Your answer should be the full data, transcribed exactly, with no pictures in it.

---------- Data for review ----------

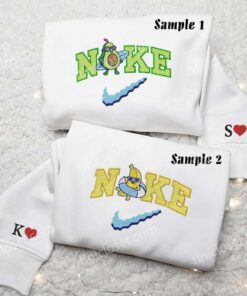 Avocado and Banana Embroidered Shirts, Cartoon Embroidered Hoodies, Brand Logo Embroidered Sweatshirts 3 Avocado and Banana Embroidered Couple Shirts 2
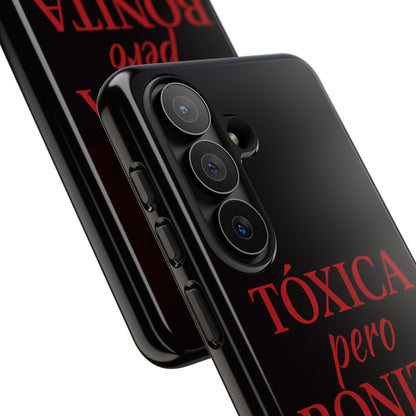 Toxica Pero Bonita Phone Case, Latina Quote Case, Red Lips Aesthetic, Spanish Saying Case, Trendy Tough Cover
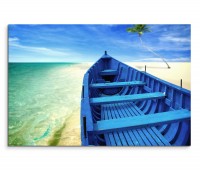 120x80cm Wandbild Meer Strand Palme Holzboot Sommer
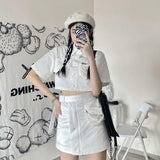 Gothic Lolita Harajuku Style Clothing Autumn Multi-Pocket Short Jacket High Waist Skirt Two-Piece Set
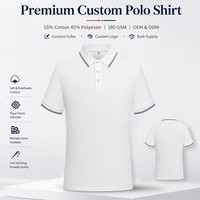 Chemise unisexe personnalisable avec logo pour entreprise, en piqué respirant CVC 180 g/m², col contrastant, manches courtes, vente en gros pour entreprises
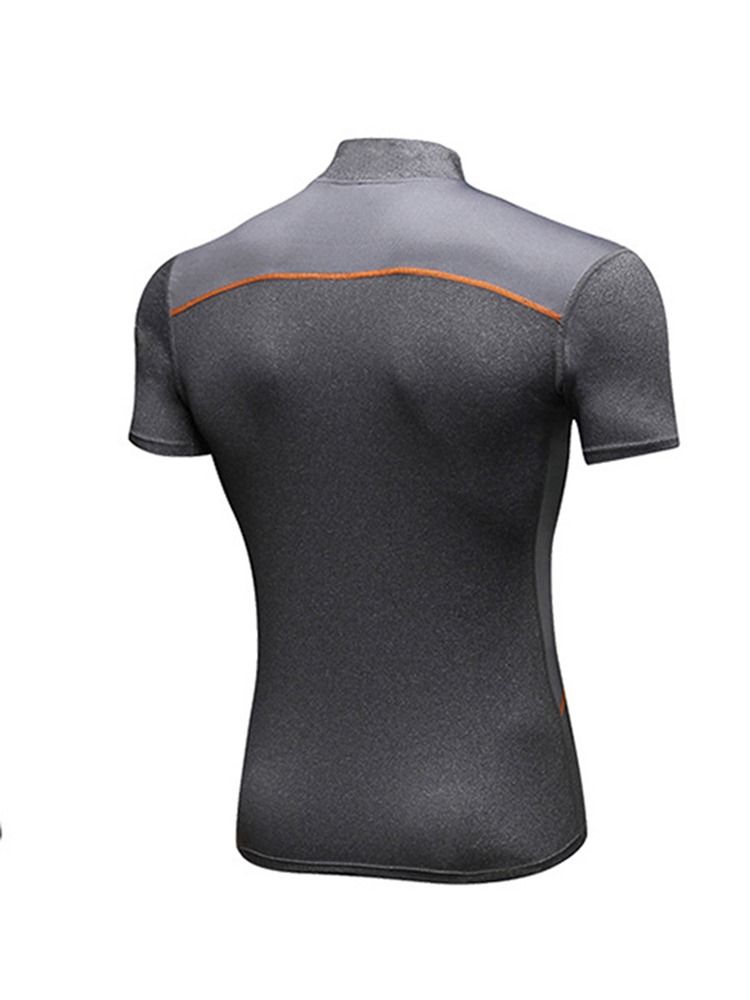 Stretch Sports Quick Dry T-Shirt För Män Med Dragkedja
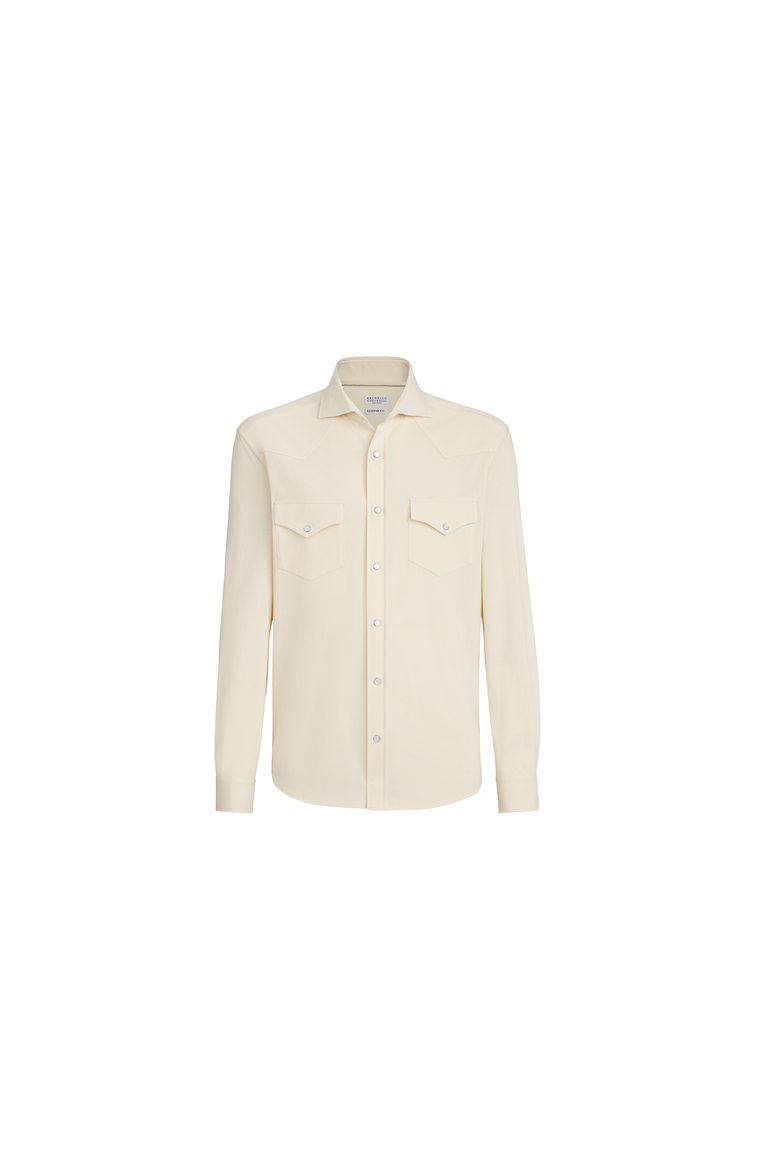 Cotton piqué Western shirt, Alternate, color, Ginger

----------

# [Completed task]
 Avocado and Banana Embroidered Shirts, Cartoon Embroidered Hoodies, Brand Logo Embroidered Sweatshirts 3 Avocado and Banana Embroidered Couple Shirts 2
 Toxica Pero Bonita Phone Case, Latina Quote Case, Red Lips Aesthetic, Spanish Saying Case, Trendy Tough Cover
 120x80cm Wandbild Meer Strand Palme Holzboot Sommer
 Gothic Lolita Harajuku Style Clothing Autumn Multi-Pocket Short Jacket High Waist Skirt Two-Piece Set
 Chemise unisexe personnalisable avec logo pour entreprise, en piqué respirant CVC 180 g/m², col contrastant, manches courtes, vente en gros pour entreprises
 Stretch Sports Quick Dry T-Shirt För Män Med Dragkedja
 Cotton piqué Western shirt, Alternate, color, Ginger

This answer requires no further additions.